Le chemin de l’émancipation féministe possède des points communs avec le cheminement spirituel : tous deux se présentent comme un chemin, une voie particulière de l’accès à l’universel, un moyen de toucher celui-ci au travers d’un parcours en propre.

Le chemin même de l’émancipation exige à mon sens une forme de spiritualité, fût-elle qualifiée d’humaniste. Or, la spiritualité est aujourd’hui trop souvent reléguée au second plan dans le féminisme occidental, qui lui préfère la seule vision de la religion comme système figé d’organisation sociale et d’ordonnancement moral, puis en vient à détourner même celui-ci à son tour vers des enjeux géopolitiques inattendus éventuellement à des fins racistes particulières. C’est ce que je veux essayer de raconter ici.

Émancipation et spiritualité. Pour comprendre la complexité de l’humain et appréhender cette vie terrestre, rassembler dans sa main les fils de l’universel et du particulier, de l’intemporel et de la circonstance, du collectif et de l’individu, il n’est pas suffisant en effet de lire les grands penseurs ou les sages. Il faut refaire par soi-même l’intégralité du chemin qui mène à leur pensée ou à leur sagesse. En référence à une image connue de la philosophie méditerranéenne, il ne suffit pas de lire Platon, il faut refaire après Socrate tout le long chemin du désenchaînement personnel du fond de cette caverne qu’est la vie sociale, puis refaire aussi à son tour la rude escalade vers l’ouverture de lumière qui la surplombe, vers la Connaissance, en tâtonnant dans la semi-pénombre, et sans présumer pour autant qu’une fois confrontée enfin à la source même de la lumière, qu’une fois à l’air libre, le chemin se finit.

Or, ce chemin ardu est entrepris par des femmes justement aussi. Les écrits de la féministe musulmane Asma Lamrabet, présidente du GIERFI, y font référence dans le domaine de l’islam. D’autres écrits, comme L’Histoire des Femmes philosophes, publié en France en 1690 par Gilles Ménage et consacré aux penseurs féminins antiques (réédité en 2005 : L’Histoire des Femmes philosophes, de Gilles Ménage, Paris, Ed. Arléa, déc.05), en témoignent également, avec le même constat : tant de noms féminins lumineux de force intellectuelle et de sagesse, ont été oubliés en cours de route par l’Histoire. Je pense encore à l’évangile de Marie, dont on ne sait plus s’il s’agit d’un apocryphe, et qui aurait été écarté d’emblée du canon, dit-on parfois, du fait de son « sexe », ainsi que d’autres écrits d’apôtres de Jésus qui faisaient une trop grande place aux femmes.
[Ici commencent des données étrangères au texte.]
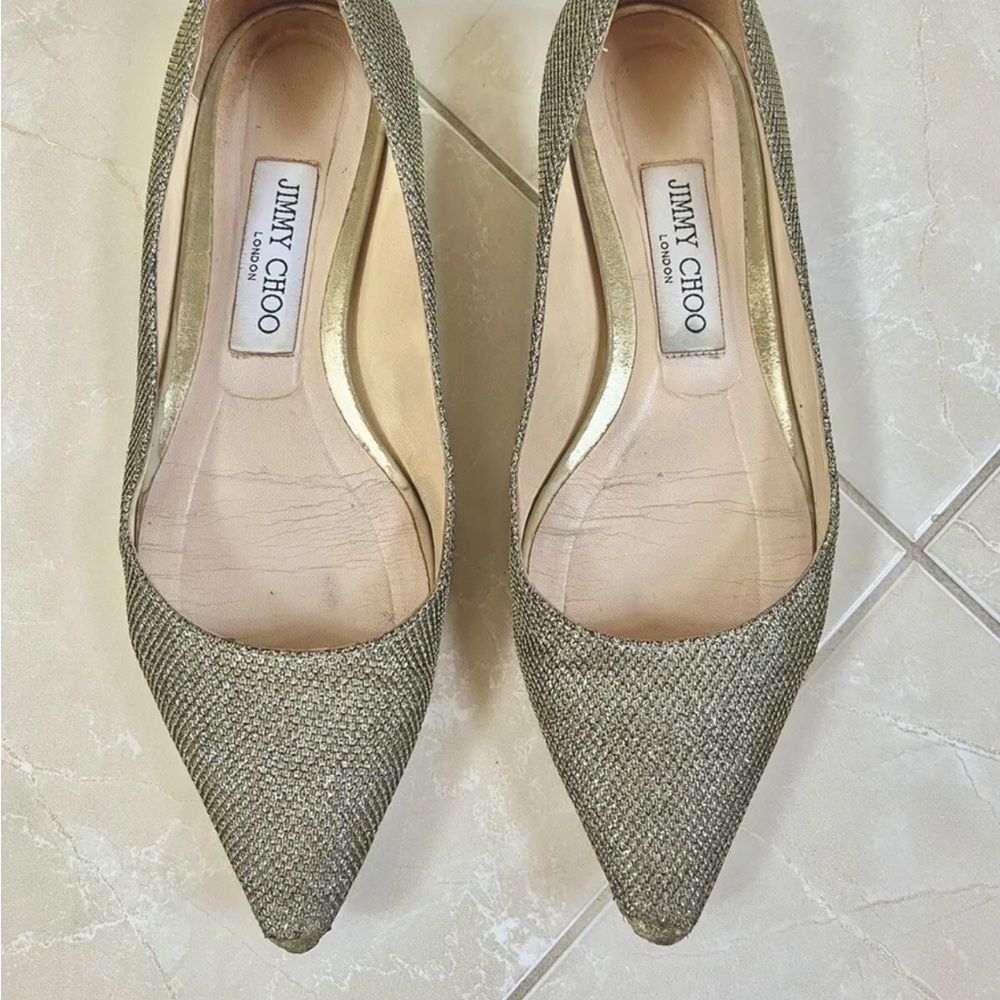 Refurbished Authentic Jimmy Choo Ballerina Lame Glitter Flat Size 37
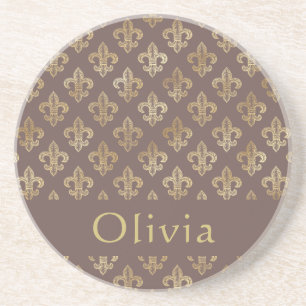 Koffie Brown & Gold Fleur De Lis gepersonaliseerd Zandsteen Onderzetter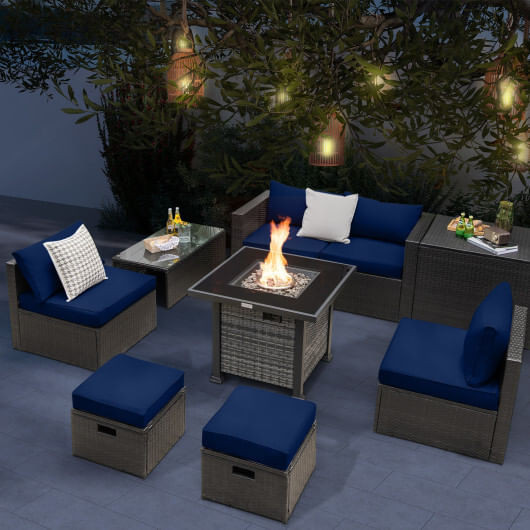 Outdoor 9 Pieces Patio Furniture Set with 50 000 BTU Propane Fire Pit Table-Gray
L’élévation de la pensée aurait-elle donc un sexe ?

De fait, l’exclusion du pouvoir politique que subissent les femmes en cache une autre, plus taboue encore : celle du domaine de la sagesse, et du droit d’exercer a fortiori une autorité morale. Or, le féminisme, en tant que réflexion sur le sort des femmes et, partant, sur l’organisation humaine et sociale, en tant que lutte émancipatrice tout simplement, le féminisme peut être un chemin de sagesse qui débouche sur une contemplation de l’universel. Il peut être une tentative philosophique de concilier sa lutte particulière à soi avec une vision intelligente et sensible de l’humanité entière.

Hélas, c’est tel un strict lobbying communautaire (les droits des femmes) sans perspective collective apparente (la Cité globale), non tel une sagesse, que secrètement est perçu bien souvent le féminisme dans nos sociétés. Tel une revendication corporatiste. Aujourd’hui, le féminisme occidental est plus amer qu’il ne veut l’admettre. Certes, ses avancées ont été majeures. Les résultats concrets de ses luttes, que ce soit dans la société, les cuisines ou les chambres à coucher, sont inégaux. En outre, il faut évoquer encore les polémiques concernant la concurrence que le féminisme aurait fait vivre aux autres combats, la lutte des classes, ou, en d’autres lieux, les luttes nationales de libération. Ces polémiques-là ne sont pas vraiment retombées. Aussi, quand nos féministes au Nord parlent aujourd’hui des droits des femmes comme d’un enjeu politique et sociétal global, acquiesce-t-on distraitement, pour le principe, car c’est le discours devenu aujourd’hui légitime, le prêt-à-porter politique qui vous autorise à concourir dans l’arène. Mais dans la pratique elles restent largement renvoyées à un problème de type corporatiste sans portée citoyenne élargie : enjeux de quotas, obligation « politi-quement correcte » de les mettre en tribune, etc. Les hommes dirigeants traitent pour la plupart la place des femmes et la question de leurs droits comme un sujet contraint, comme une obligation pour eux de recul devant un communautarisme « tabou » et cependant malvenu. Bien sûr, il existe des différences d’un pays à l’autre. On ne peut faire l’impasse non plus sur l’imprégnation culturelle à terme que représentent ces transformations. Et pourtant. Que d’effroyables déceptions. Des succès sur le terrain. Mais un placard persistant pour les femmes.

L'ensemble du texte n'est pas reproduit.